EV Adoption Grows But Yet To Reach A Point To Meaningfully Boost TIV

In the recent flurry of new EV model launches, RHB Research (RHB) thinks that Tesla’s Model Y is a standout. It is attractively priced and may turn up the heat on competitors.

Despite incentives to encourage EV adoption in Malaysia, there are currently none priced below RM100k as the Ministry of International Trade and Industry’s (MITI) approved permit (AP) policy prevents the importation of EVs priced below RM100k.

“While EV adoption continues to grow, it has yet to reach a point where it can meaningfully boost Total Industrial Value (TIV),” said RHB in the recent Malaysia Sector Update Report.

BYD recently launched the Dolphin with an on-the-road (OTR) price of RM100.5k. Hyundai launched the Ioniq 6, and Kia launched the Niro EV.

RHB gathered that the BYD Dolphin has been moderately popular, but with its price tag of RM100k, consumers may still prefer internal combustion engine (ICE) cars.
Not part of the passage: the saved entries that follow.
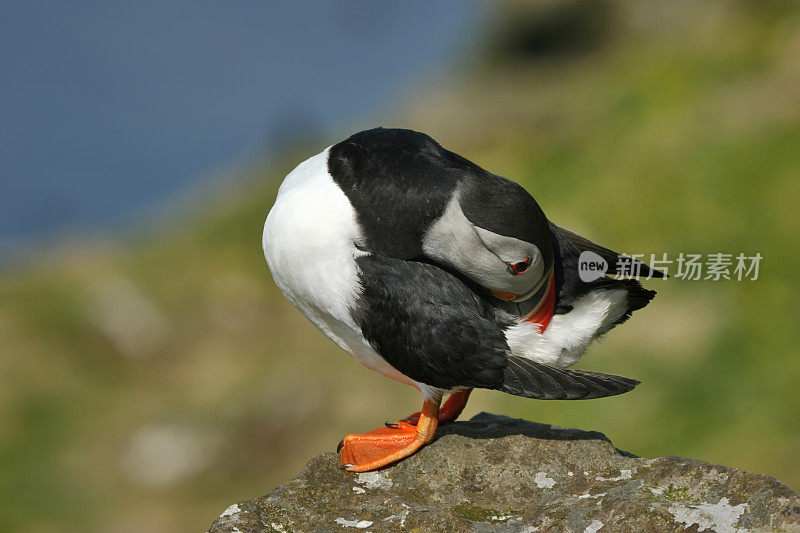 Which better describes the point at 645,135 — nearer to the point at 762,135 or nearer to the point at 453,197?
the point at 762,135

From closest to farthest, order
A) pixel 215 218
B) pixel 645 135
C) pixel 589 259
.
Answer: pixel 589 259, pixel 645 135, pixel 215 218

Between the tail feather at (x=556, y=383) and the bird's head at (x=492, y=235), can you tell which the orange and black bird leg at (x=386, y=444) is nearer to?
the tail feather at (x=556, y=383)

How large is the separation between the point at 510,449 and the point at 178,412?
7.32 m

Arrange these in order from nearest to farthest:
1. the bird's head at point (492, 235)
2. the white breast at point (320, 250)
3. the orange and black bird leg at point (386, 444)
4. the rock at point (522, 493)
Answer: the rock at point (522, 493) < the bird's head at point (492, 235) < the white breast at point (320, 250) < the orange and black bird leg at point (386, 444)

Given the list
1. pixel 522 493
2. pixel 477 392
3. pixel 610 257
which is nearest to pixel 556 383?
pixel 522 493

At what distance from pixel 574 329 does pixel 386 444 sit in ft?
4.00

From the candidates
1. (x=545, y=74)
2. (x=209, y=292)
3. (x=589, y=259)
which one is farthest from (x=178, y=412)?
(x=545, y=74)

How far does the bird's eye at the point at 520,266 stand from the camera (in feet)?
13.6

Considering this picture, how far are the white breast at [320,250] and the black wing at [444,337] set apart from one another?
0.10 meters

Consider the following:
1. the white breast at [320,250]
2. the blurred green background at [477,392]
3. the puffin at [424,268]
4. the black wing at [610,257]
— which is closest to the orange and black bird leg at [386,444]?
the puffin at [424,268]

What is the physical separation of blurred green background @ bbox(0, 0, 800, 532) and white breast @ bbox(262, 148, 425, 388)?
4727 mm

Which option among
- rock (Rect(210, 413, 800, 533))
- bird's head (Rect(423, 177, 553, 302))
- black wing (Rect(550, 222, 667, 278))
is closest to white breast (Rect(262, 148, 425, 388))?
bird's head (Rect(423, 177, 553, 302))

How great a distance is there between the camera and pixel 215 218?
14.1 meters

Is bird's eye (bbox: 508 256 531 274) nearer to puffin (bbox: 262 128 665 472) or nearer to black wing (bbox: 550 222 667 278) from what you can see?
puffin (bbox: 262 128 665 472) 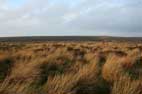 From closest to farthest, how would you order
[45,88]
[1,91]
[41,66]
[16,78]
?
[1,91]
[45,88]
[16,78]
[41,66]

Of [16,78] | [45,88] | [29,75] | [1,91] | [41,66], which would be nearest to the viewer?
[1,91]

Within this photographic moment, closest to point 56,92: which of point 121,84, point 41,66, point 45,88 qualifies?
point 45,88

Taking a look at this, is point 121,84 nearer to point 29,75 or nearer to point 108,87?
point 108,87

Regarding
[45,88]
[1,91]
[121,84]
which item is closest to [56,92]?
[45,88]

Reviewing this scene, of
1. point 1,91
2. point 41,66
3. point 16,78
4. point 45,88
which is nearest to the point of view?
point 1,91

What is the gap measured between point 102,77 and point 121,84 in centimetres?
167

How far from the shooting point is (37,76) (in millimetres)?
8242

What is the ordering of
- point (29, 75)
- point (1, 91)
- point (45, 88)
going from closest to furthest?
1. point (1, 91)
2. point (45, 88)
3. point (29, 75)

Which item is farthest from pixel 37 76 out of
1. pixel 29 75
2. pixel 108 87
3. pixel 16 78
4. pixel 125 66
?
pixel 125 66

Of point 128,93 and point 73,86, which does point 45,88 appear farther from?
point 128,93

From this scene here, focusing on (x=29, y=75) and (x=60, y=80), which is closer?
(x=60, y=80)

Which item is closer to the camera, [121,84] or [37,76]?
[121,84]

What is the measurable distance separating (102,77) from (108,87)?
1.36 meters

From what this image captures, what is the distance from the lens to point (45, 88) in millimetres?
6410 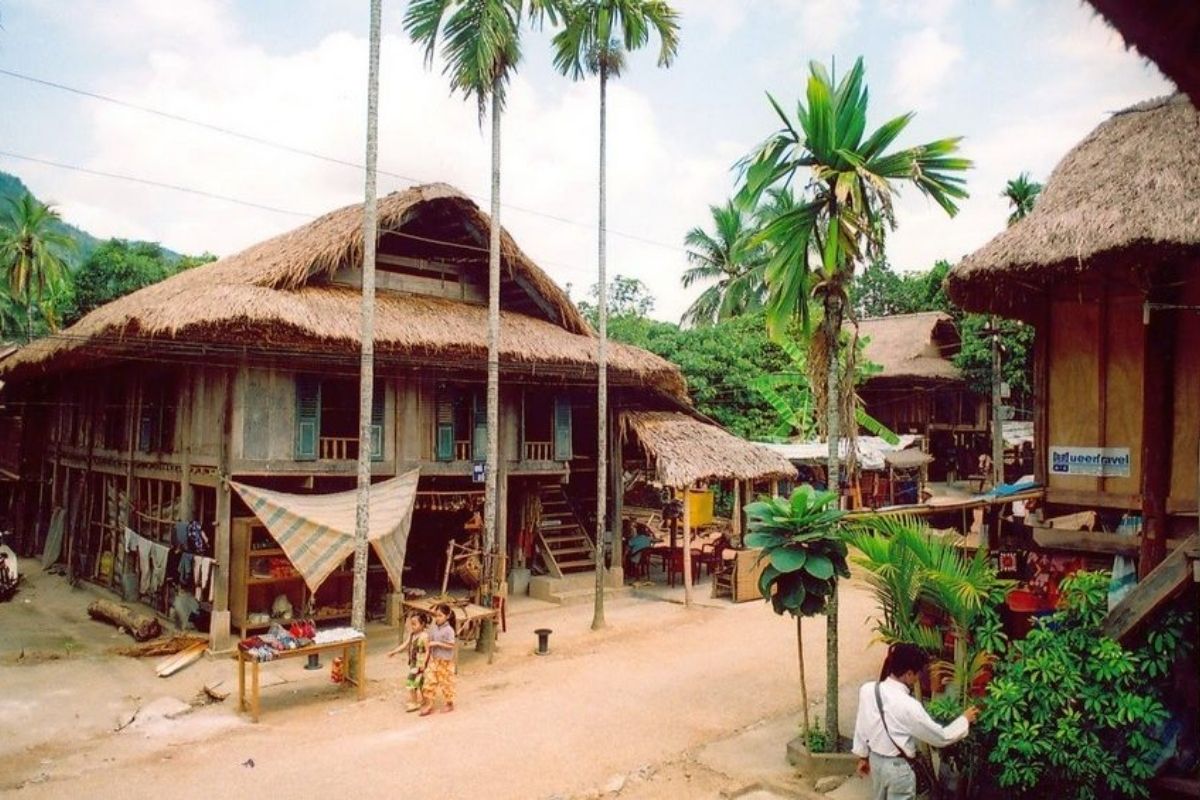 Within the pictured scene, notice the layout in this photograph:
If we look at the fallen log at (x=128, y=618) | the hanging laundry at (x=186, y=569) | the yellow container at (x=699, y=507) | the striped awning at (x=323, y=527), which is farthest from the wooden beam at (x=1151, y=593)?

“We also think the Hyundai and Kia EVs will likely receive a lukewarm response, given Tesla’s relatively more appealing offering,” said RHB.

Coming into Malaysia with the world’s best-selling car of 1Q23, Tesla has begun taking orders for the Model Y, with prices starting at RM199k. The Model 3 is expected to be launched in Malaysia later this year, with some news sources quoting a potential price of RM160k.

As Tesla is famous for its EVs and autonomous driving technology, we think that these prices are attractive. As such, Tesla’s presence may not only ramp up EV adoption in Malaysia, but it could also do so at the expense of other marques.

While the Indonesia-made Wuling Air is sold in Thailand and Indonesia for RM52k and RM70k, there are no EVs in Malaysia that are sold that cheaply.

This is because MITI’s AP conditions state that the importation of EVs priced below RM100k is not permitted. Hence, the cheapest EV in Malaysia is still currently the Neta V EV, priced at RM99.8k.

“We believe this policy is to protect the national marques while they work towards developing their own EVs,” said RHB.

Launched in early July, Chery’s Omoda 5 is in direct competition with Proton’s X50 and Honda’s HR-V, while the Tiggo 8 Pro competes with the Proton X90 and is a cheaper alternative to the Mazda CX-8.

Despite this competition, RHB thinks that most consumers still prefer the tried and tested domestic and Japanese marques, which tend to fetch higher resale value.

Meanwhile, Chery’s entry into the Malaysia market is a boon for Sime Darby’s 51%-owned and BAUTO’s 29%-owned Inokom, where the China-based carmaker’s vehicles will be assembled. This makes Chery the seventh marque to have contract assembly at the Inokom plant.

Despite a potential record-breaking 2023, an uncertain 2024 outlook could weigh on sector sentiment. As RHB expects car sales to soften YoY in 2024, they remain Neutral on the sector.

“We also think share prices have also largely priced in a strong 2023F. Bermaz Auto (BAUTO) remains our Top Pick, as its various marques will continue to see volume growth in FY24F (Apr), especially from a low base. It also offers an attractive dividend yield of 9%,” said RHB.

Key downside risks identified by RHB are such as the softer-than-expected orders and deliveries and resurgent supply chain issues. The opposite represents upside risks.